**Supplied data:**
★ ★ ★ ★
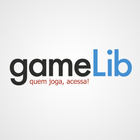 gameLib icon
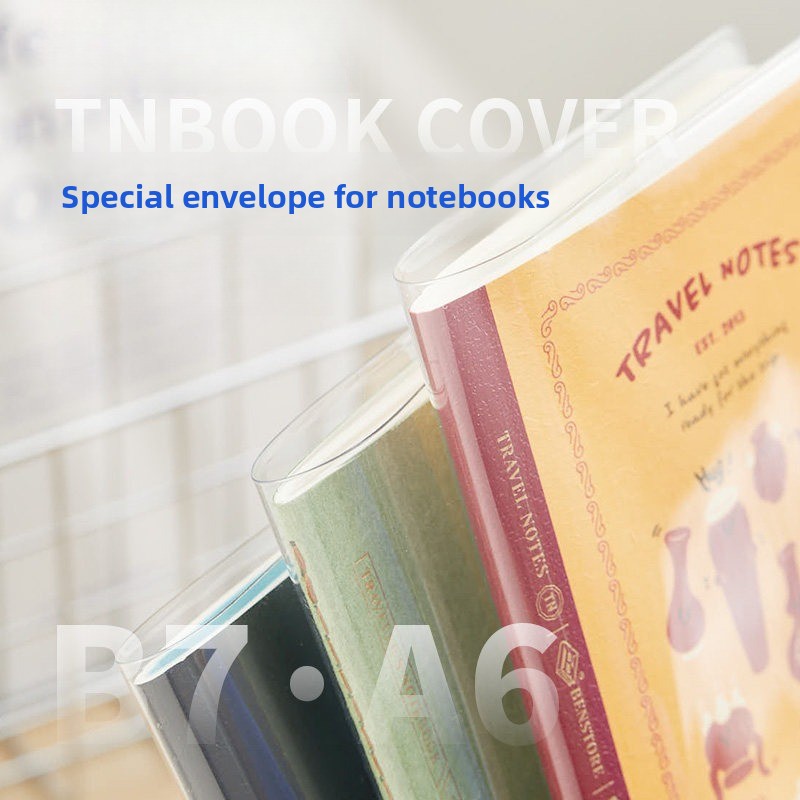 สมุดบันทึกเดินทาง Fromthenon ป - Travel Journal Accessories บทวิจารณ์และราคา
★ ★ ★ ★
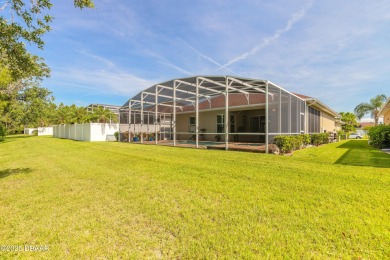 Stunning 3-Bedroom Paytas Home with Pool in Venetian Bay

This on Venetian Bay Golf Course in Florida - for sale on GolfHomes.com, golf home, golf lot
★ ★ ★ ★
**Assignment:** Set down, exactly as written above, each line from the one with "gameLib icon" through the one with "สมุดบันทึกเดินทาง Fromthenon ป", and skip the pictures.

**Written reply:**
 gameLib icon
 สมุดบันทึกเดินทาง Fromthenon ป - Travel Journal Accessories บทวิจารณ์และราคา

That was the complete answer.